La psicología de la incompetencia militar. ¿Cómo se perdió la guerra de Irán?
Por Paul Krugman.
Así pues, la mayor potencia militar del mundo entró en guerra contra una nación de cuarta categoría cuyo presupuesto militar no pasaría de ser un error de redondeo en nuestro gasto en defensa.
Y parece que hemos perdido.
Hola, soy Paul Krugman con una actualización nocturna, bueno, vespertina, algo que no suelo hacer, pero quería publicar esto antes de que quién sabe qué sucederá mañana en las noticias.
Es martes. Es el día en que la bolsa se disparó enormemente y el precio de los futuros del petróleo cayó en picado, todo ello gracias a la feliz noticia de que Estados Unidos, al menos según el Truth Social de Trump, parece estar rindiéndose.
Trump publicó un mensaje en Truth Social diciendo que, ya sabes, no necesitamos abrir el estrecho de Ormuz.
Si los europeos creen que lo necesitan, que adelante, que lo hagan.
Y que depende de ellos.
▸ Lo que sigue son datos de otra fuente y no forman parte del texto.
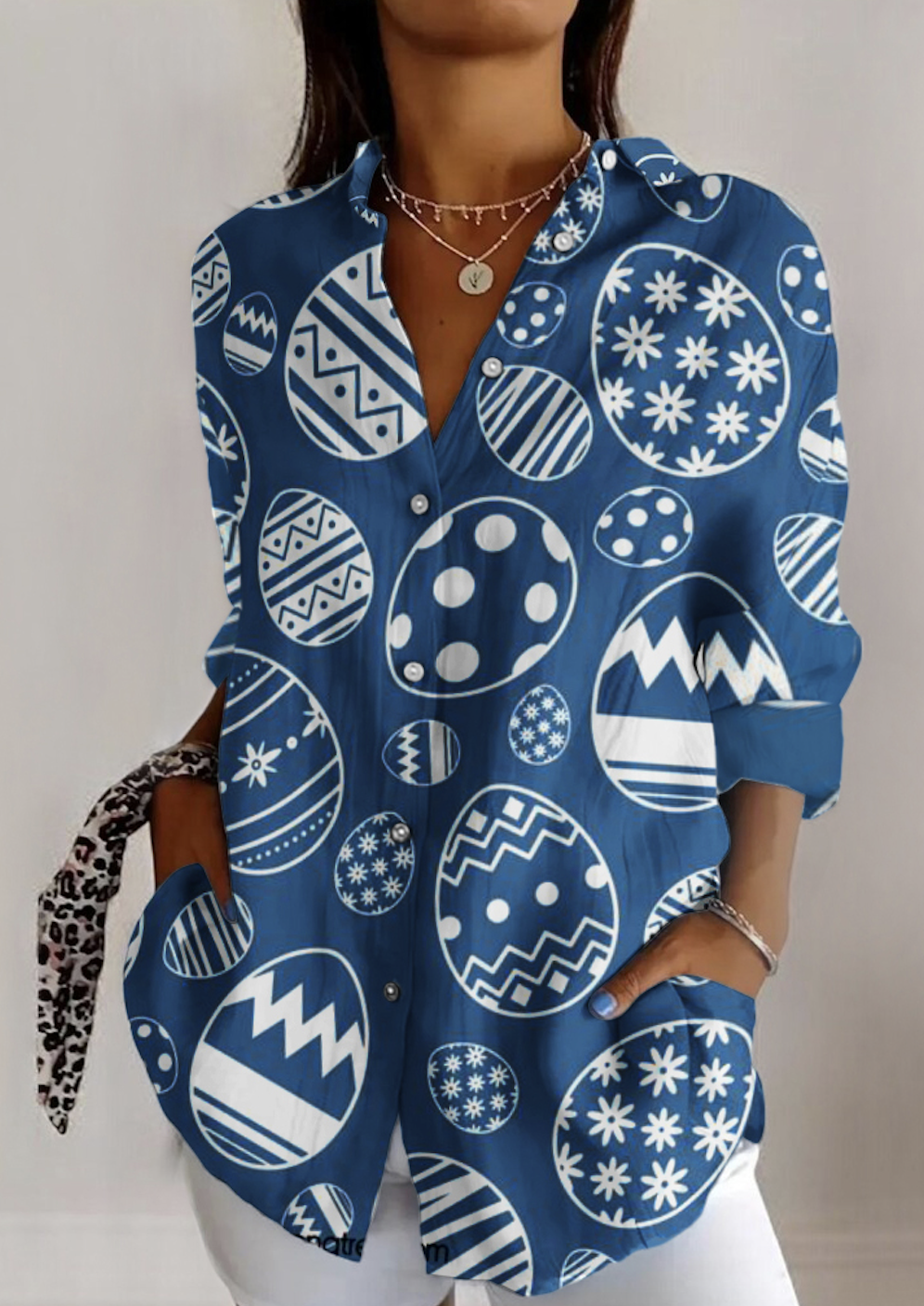 Hemdkragen Langarm Geometrisch Regelmäßig Mikroelastizität Regelmäßige Passform Bluse für Damen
Y esto es bastante sorprendente.
Por supuesto, la idea de que solo les importa a los europeos, que a nosotros no nos importa, es totalmente errónea.
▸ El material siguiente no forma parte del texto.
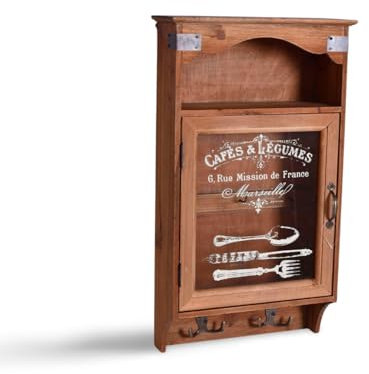 Wandschrank „Maison Marseille“ – Vintage Hängeschrank | Shabby Chic | Glastür & Haken | Landhausstil Schlüsselschrank lof022 Palazzo Exklusiv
Y eso será tema de una publicación en Substack en breve.
Pero es prácticamente una confesión.
Aunque se plantea como «hemos ganado, ahora que otros se encarguen de la limpieza», la realidad es que, en la práctica, es una confesión de que, bueno, hemos perdido.
No podemos con esto.
¿Cómo demonios nos las arreglamos para hacer esto?
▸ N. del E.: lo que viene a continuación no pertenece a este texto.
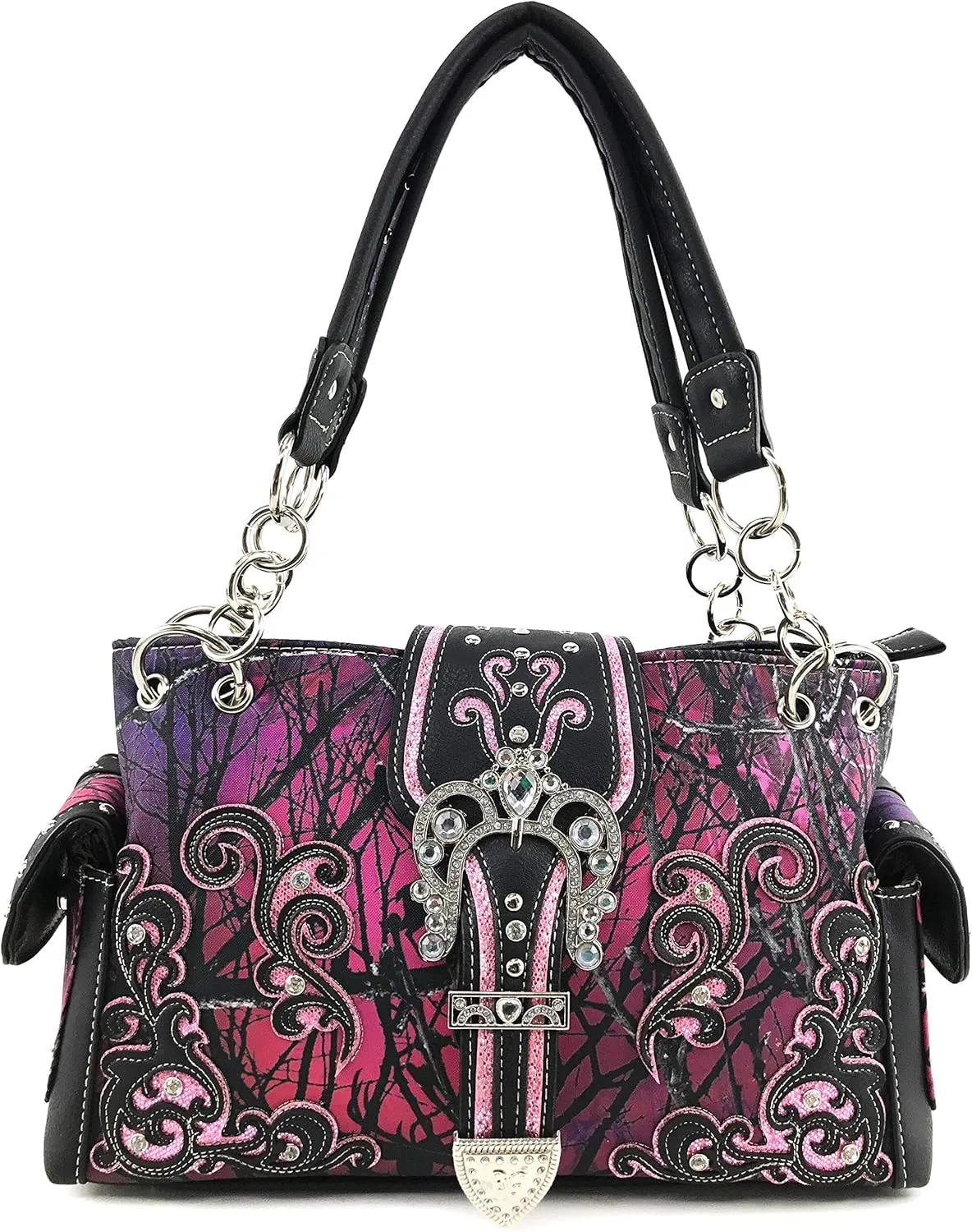 Zelris Camouflage Shine Glow Buckle Women Conceal Carry Handbag with Wallet Set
Quiero decir, la realidad objetiva es que esto nunca iba a ser…
Quizás ni siquiera fuera factible.
Había razones por las que no entramos en guerra con Irán, en particular por qué no lo hicimos de una forma que básicamente se convirtiera en una amenaza existencial para el régimen, de modo que no tuvieran ningún reparo en causar mucho daño porque el resultado alternativo fuera la aniquilación para ellos personalmente.
Pero cualquiera que lo pensara siquiera durante un par de minutos, cualquiera que supiera algo, sobre todo cualquiera que hubiera prestado atención a cuatro años de guerra en Ucrania… sabemos algo sobre cómo es la guerra moderna y sobre la incapacidad de los países que cuentan con fuerzas convencionales superiores para evitar daños importantes causados por drones y misiles.
Así que esto fue completamente, increíblemente estúpido.
¿Cómo llegamos a eso?
Bueno, hubo un artículo muy bueno de Tobin Harshaw en Bloomberg, y en su mayor parte solo estoy retomando lo que él escribió, pero creo que merece una mayor difusión.
Resucitó un libro que yo había olvidado, un libro de 1976 de Norman Dixon titulado The Psychology of Military Incompetence.
Tenía una orientación muy británica, pero las lecciones son aplicables; Dixon analizó los grandes desastres militares de la historia británica.
Podrías pensar que hubo muchas razones por las que se tomaron decisiones realmente malas, pero en realidad él dijo que había una especie de patrón constante.
Lo que pasó fue que había líderes militares, o personas que tomaban decisiones militares, que en su mayoría compartían dos cosas.
Primero, creían, tenían esta creencia atávica y anacrónica de que la guerra se basa en los músculos y no en la mente, lo cual no ha sido cierto desde hace mucho tiempo.
Y en segundo lugar, argumentó que, en general, son antiintelectuales y están en contra de la educación.
Así que, en cierto sentido, todo se reduce a la fuerza física y a no querer saber nada de esos intelectuales sabelotodos que me dicen por qué lo estoy haciendo mal.
Es un retrato asombrosamente preciso de Pete Hegseth, hasta en detalles aparentemente menores.
El «cristianismo muscular» es uno de los síntomas definitorios de los malos líderes militares británicos que analizó Dixon.
Así que esto es lo que pasó.
No se trata de errores de juicio concretos. En cierto modo, no se trata de los detalles del caso. Se trata de que nos llevaron a la guerra personas que ejemplificaron de la manera más clásica cómo se toman las decisiones militares realmente malas.
Y todo se reduce a creer en la fuerza bruta, la dureza y los músculos —¡músculos en la era de la guerra con drones!— y a odiar a los intelectuales, odiar el aprendizaje.
Lo que realmente me molesta es que, en una guerra en la que el factor decisivo es tener cierta comprensión intelectual de lo que se está haciendo, un régimen teocrático en Irán, que básicamente quiere volver a la Edad Media, acertara en su mayor parte.
Y el principal refugio mundial del pensamiento científico —o al menos lo éramos hasta la actual administración— se equivocó por completo.
Es humillante. Es horrible.
Y, ya sabes, todos pagaremos el precio de esta increíble derrota probablemente durante el resto de nuestras vidas.